Dell was the only test cricketer to fight in the Vietnam War. He is also the only surviving test cricketer to have seen the action in a major theater of war.

Upon his return from Vietnam, he had picked up where he left off as a promising left-arm bowler. His Test debut, in a young, new-look Australian team, was the moment he felt he had arrived.

But the years that followed saw his cricket career, business and family life fall apart. He found himself estranged from his wife and children, living in his mother’s garage.

Dell revealed to me the full and poignant story of this dramatic decline in a new book, And bring the darkness home, published this week.

It was by chance, 40 years after his return from Vietnam, and well into his sixties, that he was diagnosed with post-traumatic stress disorder.

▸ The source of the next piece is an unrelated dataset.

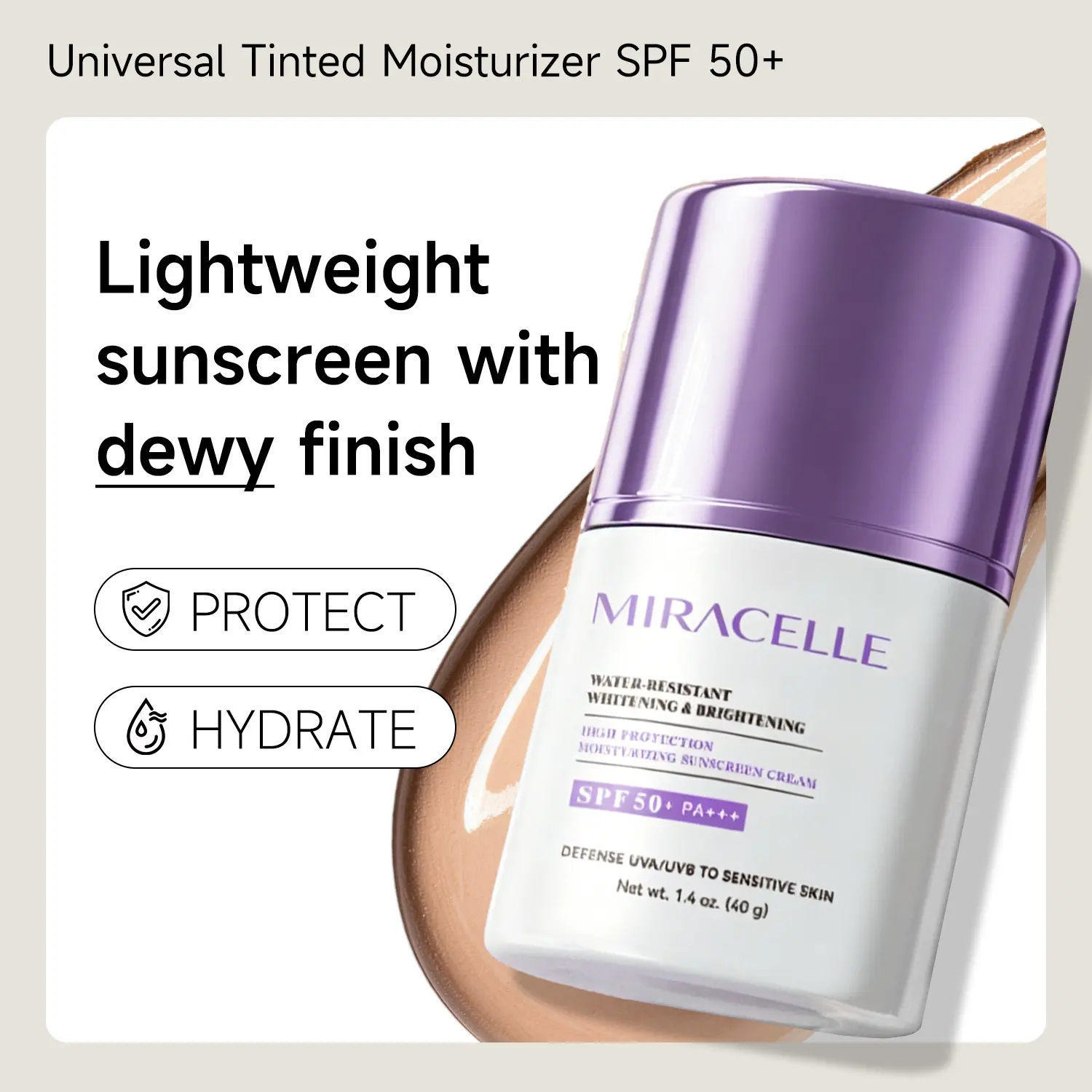 MIRACELLE Universal Tinted Moisturizer SPF 50 -1.4 fl oz Hydrate Skincare Hydrate Skincare Sunscreen Hyaluronic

Tom Dell’s Journey From Beginner Ashes to Vietnam War PTSD Victim Explored in New Book |  Cricket News

Private Dell on tour of Vietnam – an experience that would lead his life to collapse

Suddenly all the pain and suffering, anxiety and dysfunction started to make sense. He realized that he had never faced the horrors he had witnessed on the battlefield and, like so many before and since, had lived in silence with the terrible consequences.

His determination to do something for those who suffered like him led him on a journey. His nonprofit “Stand Tall for PTS” has grown into a movement for greater awareness and support for veterans, first responders and other victims.

The proceeds from the sale of the book will support the work of the association. Dell hopes to one day see a test match designated as a mental health and PTSD awareness event.

He has the high level support of his former captain Greg Chappell. The Australian legend played alongside Dell for years and had no idea he had served in Vietnam.

Chappell believes Dell has had a successful career stolen from Australia’s great 1970s team.

But Dell itself is hoping for a very different legacy.

He said: “The more I talk about it, the more people see that it’s not just them going through it, the more it can encourage them to talk, so I’ve done something worthwhile. It’s my therapy. . Let’s see what we can do to help others. “

Proceeds from sales of And Bring the Darkness Home will go to Tony’s charity.